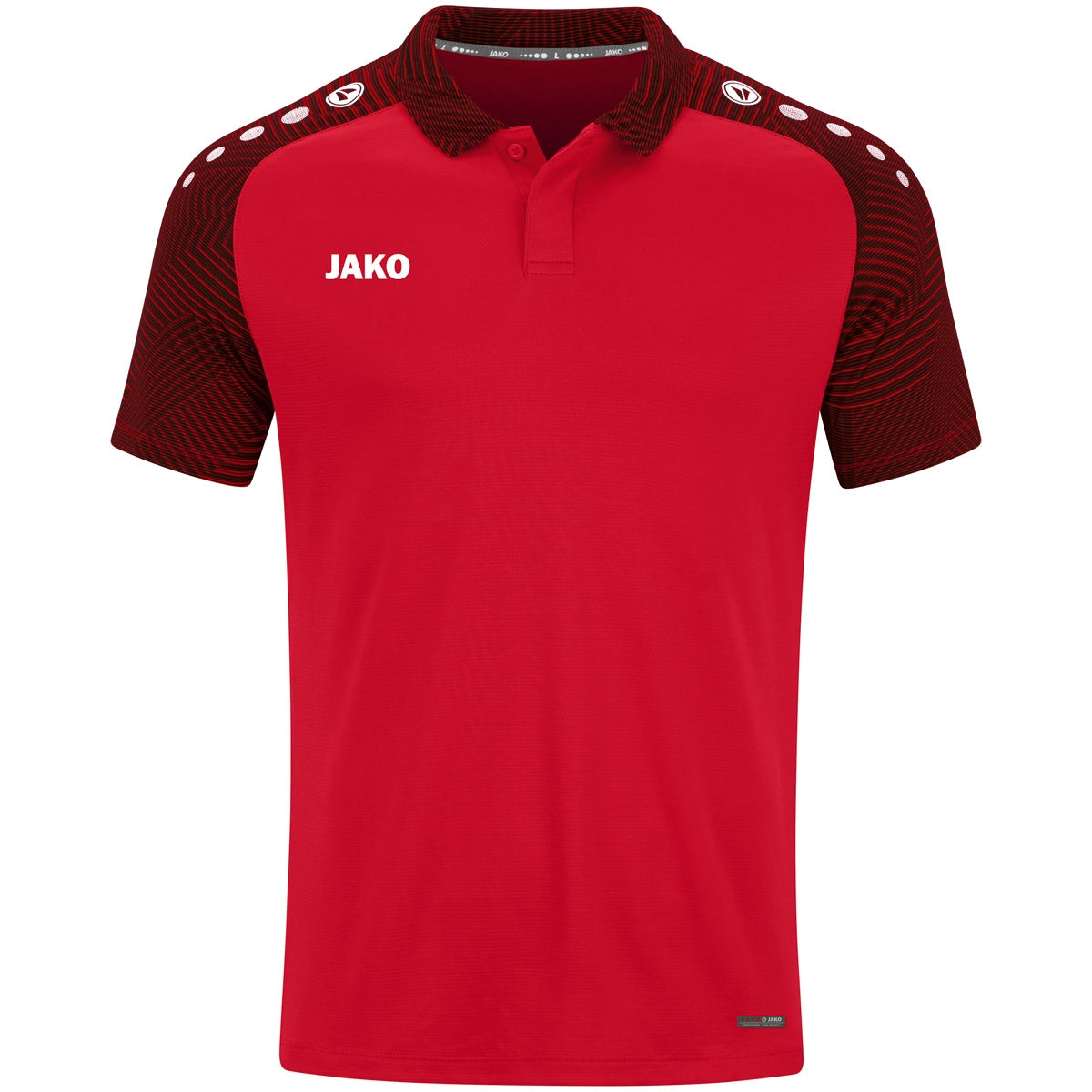 JAKO Polo Performance - rot/schwarz (101)
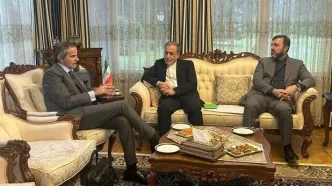 گروسی: مذاکرات فنی عمیقی با عراقچی داشتم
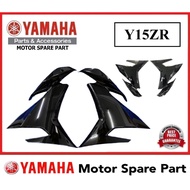 YAMAHA Y15ZR LEGSHIELD SET 0 SIDE COVER LEG SHIELD KEPAK SAYAP KEPOK YSUKU Y15 BLACK HITAM YAMAHA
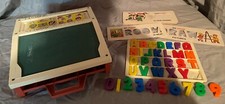 Original 1972 Fisher Price School Days Portable Play Desk Vintage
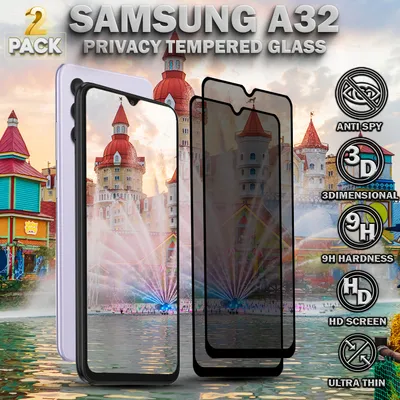 Produktbild von 2-Stück Sichtschutz Schutzfolie für Samsung A32 - gehärtetes Glas 9H - Super Qualität 3D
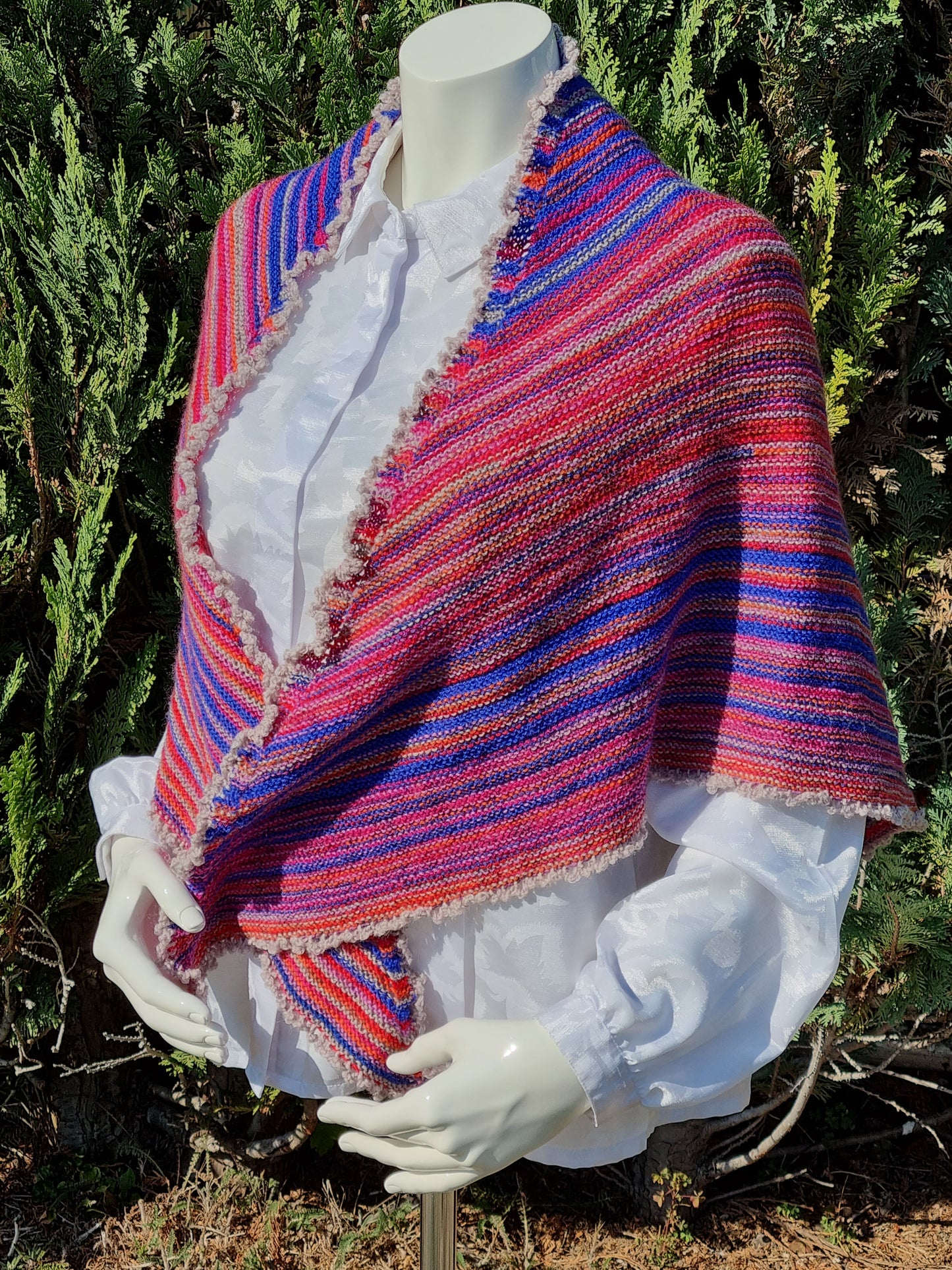 Dreieckstuch, handgestrickt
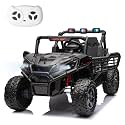24V 2 Seats Kids Ride on Toy Off-Road UTV for Boys and Girls, Black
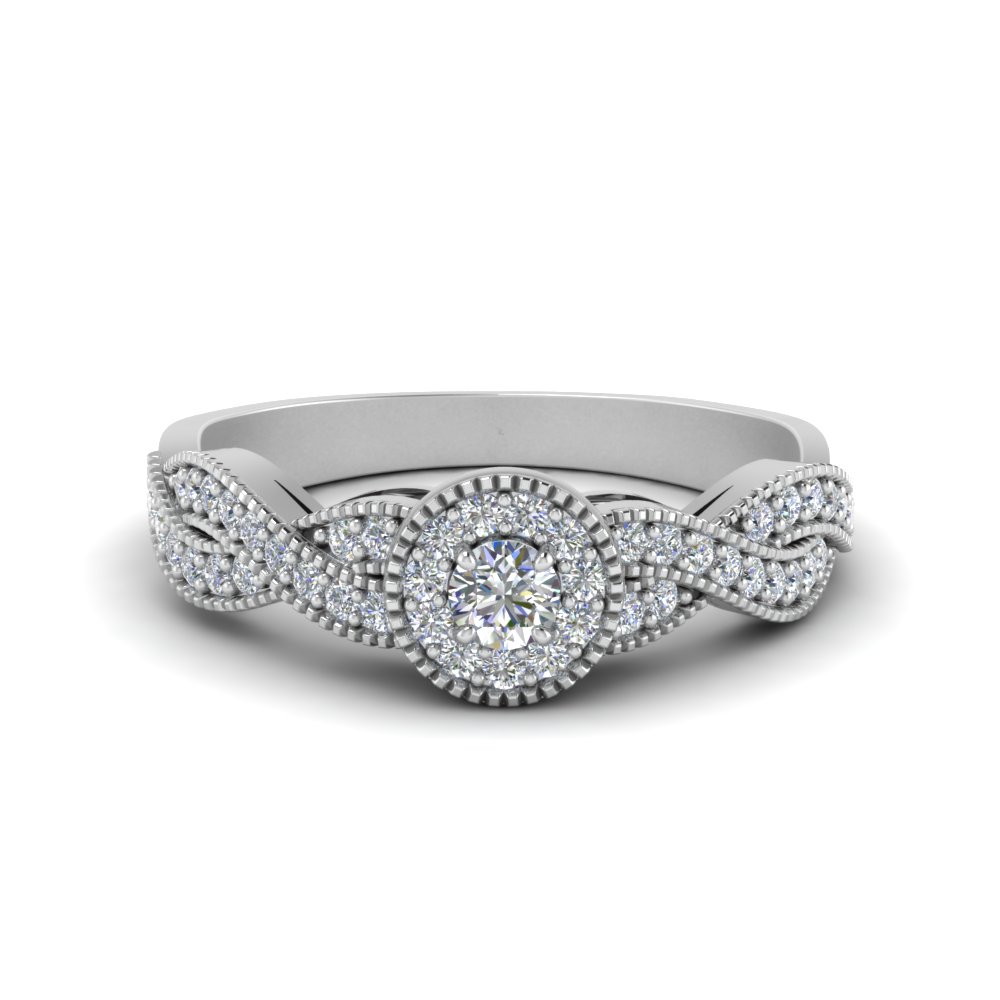 preset diamond engagement rings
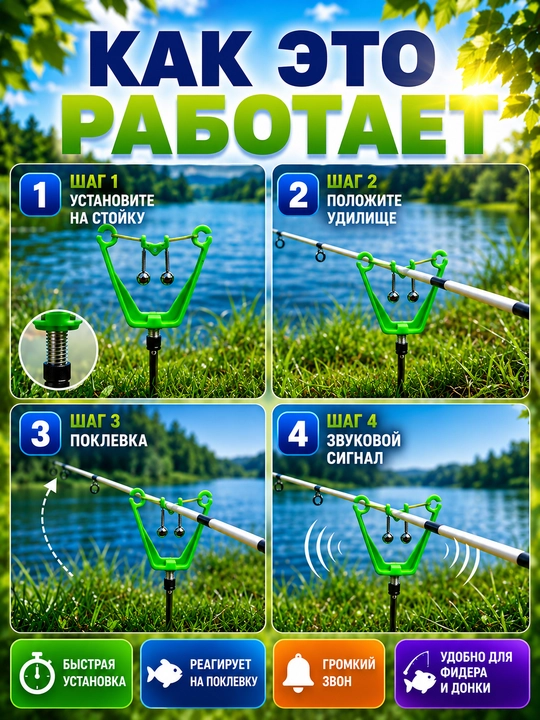 Колокольчики для рыбалки, сигнализатор клева, 1, 3, 5 шт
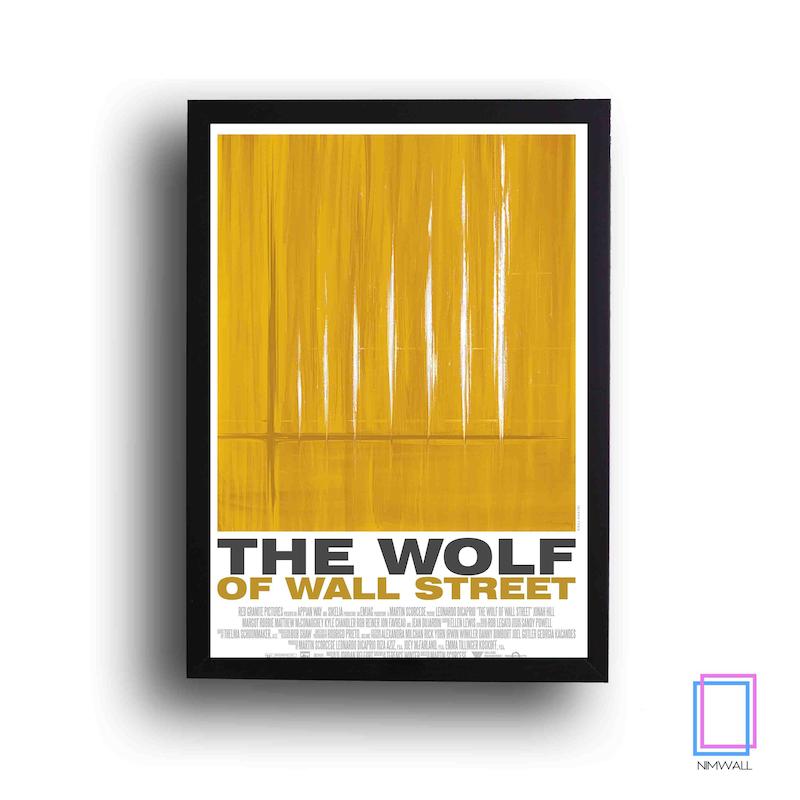 تابلو  فیلم The Wolf of Wall Street گرگ وال استریت  مدل N-22464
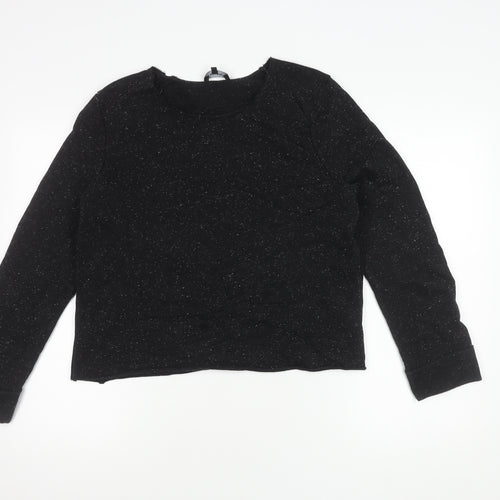 ME+EM Women's Black Sweatshirt Size 14 Long Sleeve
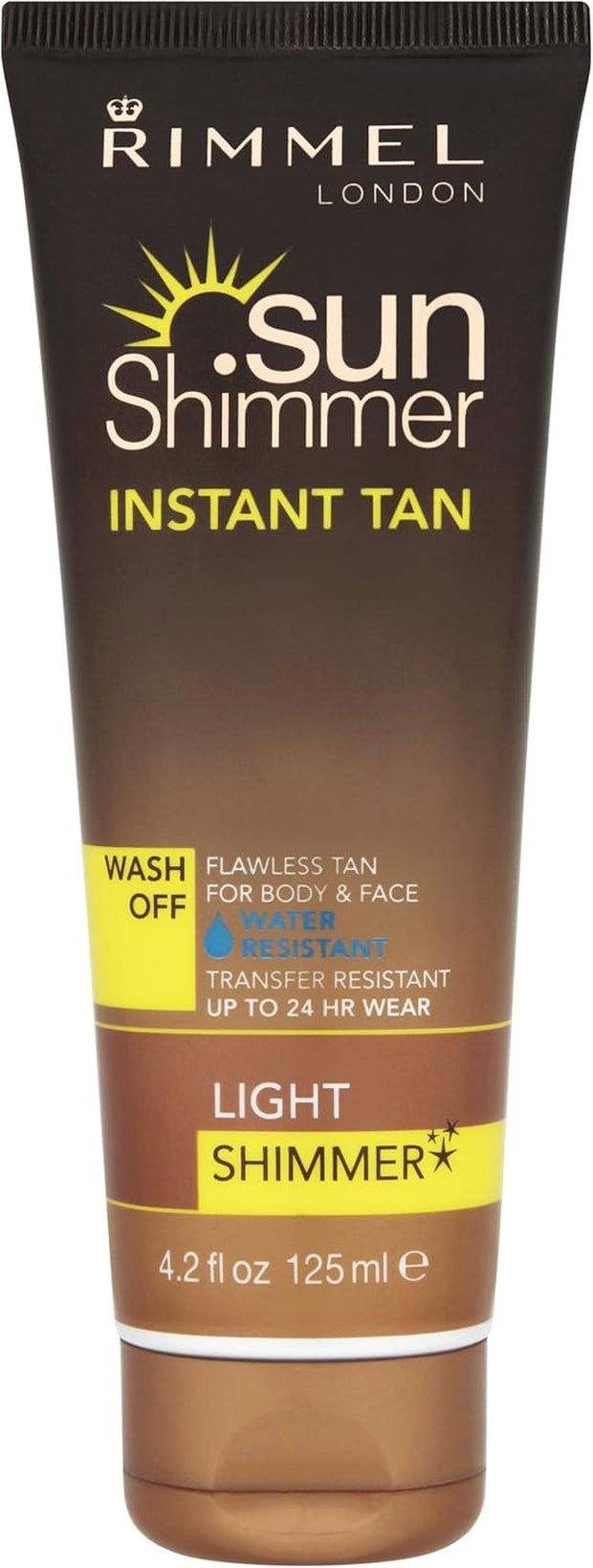 Rimmel Sunshimmer Water Resistant Instant Tan Wash off Matte - Medium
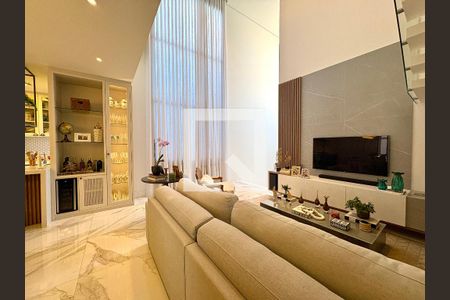 Sala de casa de condomínio à venda com 3 quartos, 249m² em Jardim Ermida I, Jundiaí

## EXERCISE AIM
Retype the lines above exactly, no pictures.

## SOLUTION
 JAKO Polo Performance - rot/schwarz (101)
 گروسی: مذاکرات فنی عمیقی با عراقچی داشتم
 YAMAHA Y15ZR LEGSHIELD SET 0 SIDE COVER LEG SHIELD KEPAK SAYAP KEPOK YSUKU Y15 BLACK HITAM YAMAHA
 Original 1972 Fisher Price School Days Portable Play Desk Vintage
 Produktbild von 2-Stück Sichtschutz Schutzfolie für Samsung A32 - gehärtetes Glas 9H - Super Qualität 3D
 Dreieckstuch, handgestrickt
24V 2 Seats Kids Ride on Toy Off-Road UTV for Boys and Girls, Black
 preset diamond engagement rings
 Колокольчики для рыбалки, сигнализатор клева, 1, 3, 5 шт
 تابلو  فیلم The Wolf of Wall Street گرگ وال استریت  مدل N-22464
 ME+EM Women's Black Sweatshirt Size 14 Long Sleeve
 Rimmel Sunshimmer Water Resistant Instant Tan Wash off Matte - Medium
 Sala de casa de condomínio à venda com 3 quartos, 249m² em Jardim Ermida I, Jundiaí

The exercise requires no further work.